Step 1. Brainstorming- Have your students brainstorm about what kind of article they would like to write and/or read about. If you have a group of 40 students, we recommend groups of 4, as this will enable students to participate actively. During this time, the teacher will circulate, providing feedback only when or if requested by students.

Step 2 . Deciding on a Topic- After students have brainstormed for 15-20 minutes, the teacher can write all the students' ideas on the board. Once this is completed, the students, as a class, can vote on which ideas they think would be best. Through this procedure the students will narrow their focus and decide which articles their newspaper will be comprised of.

Step 3. Freewriting- Depending on the size of your class, have each group choose 2 or 3 ideas for which they will be responsible. Then ask the students to do freewriting on the ideas they have chosen for approximately 10 minutes. After the writing is completed, the students share their ideas among group members. The students then return home and rewrite their ideas as a homework assignment.

Step 4. Using Writing Models- During the next writing session, the teacher will give the students examples of different types of articles from newspapers and/or magazines. Depending on the level of the students, articles may be chosen from graded or authentic materials. These articles will be used as writing models as students rewrite their own ideas at home.

Step 5. Sharing Writing- The students will bring their homework to class and share or combine their written ideas in their groups. They will then give their draft articles to another group for peer review and comments. It's important for the students to not only share their own articles, but also admire and learn from their peers. This step will help them become more sensitive to their audience, which Cohen (1990) claims is necessary if one wishes to be a successful writer. The students will use those peer suggestions to revise their drafts.

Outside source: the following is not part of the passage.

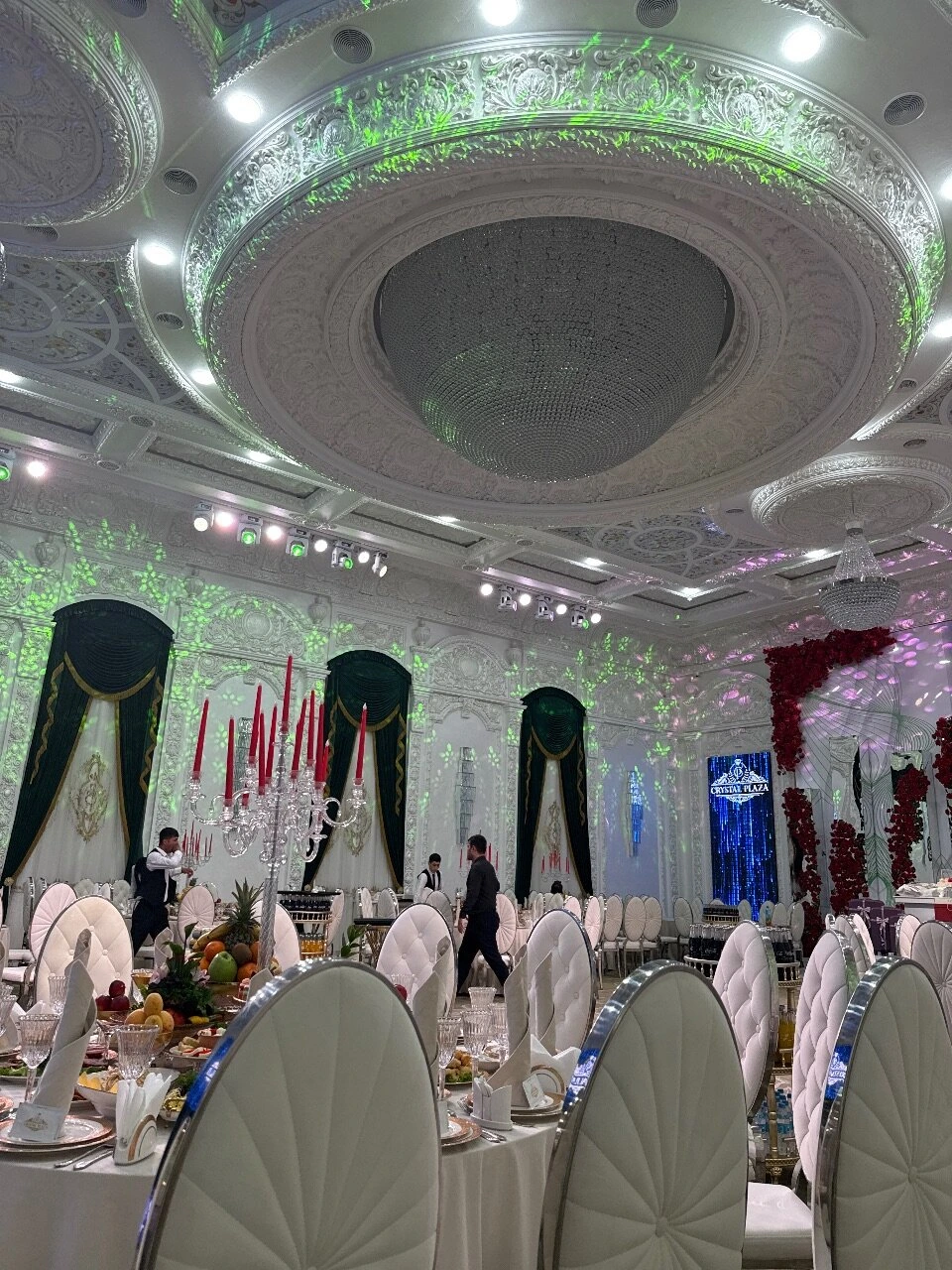 Crystal plaza, банкетный зал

Step 6 First Conference- At this point, the teacher will arrange a time for teacher-group conferences. According to Calkins (1986), conferences can "help students relax about their style and technique in order to better focus on their subjects and their pieces of writing usually improve as a result." (Calkins, 1986, p. 127) The group will present their 2 or 3 draft articles. Then they will discuss ways of gathering more information, if needed, or the possibility of conducting interviews in order to complete their articles. Although this task is student-centered, the teacher should provide needed guidance.

Step 7. Final Draft and Conference- After the students have gathered the necessary information and/or conducted interviews, they will make and present a final draft of their article in another teacher-group conference. Reid (1993) suggests students attend a conference with prepared questions to ensure they are setting the agenda. If the teacher and group believe it's worthy of publication, the students will decide on appropriate headings and other stylistic features. Of course, several revisions and teacher-group conferences may be necessary before the actual product hits the news-stands. We believe this activity is purposeful, fun and provides the students with a sense of accomplishment.


  • Calkins, L.M. (1986). The art of teaching writing. Portsmouth, New Hampshire: Heinemann Educational Books, Inc.
  • Cohen, A. (1990). Language learning. Boston: Heinle & Heinle Publishers.
  • Reid, J. (1993).Teaching ESL writing. Englewood Cliffs: Prentice Hall Regents.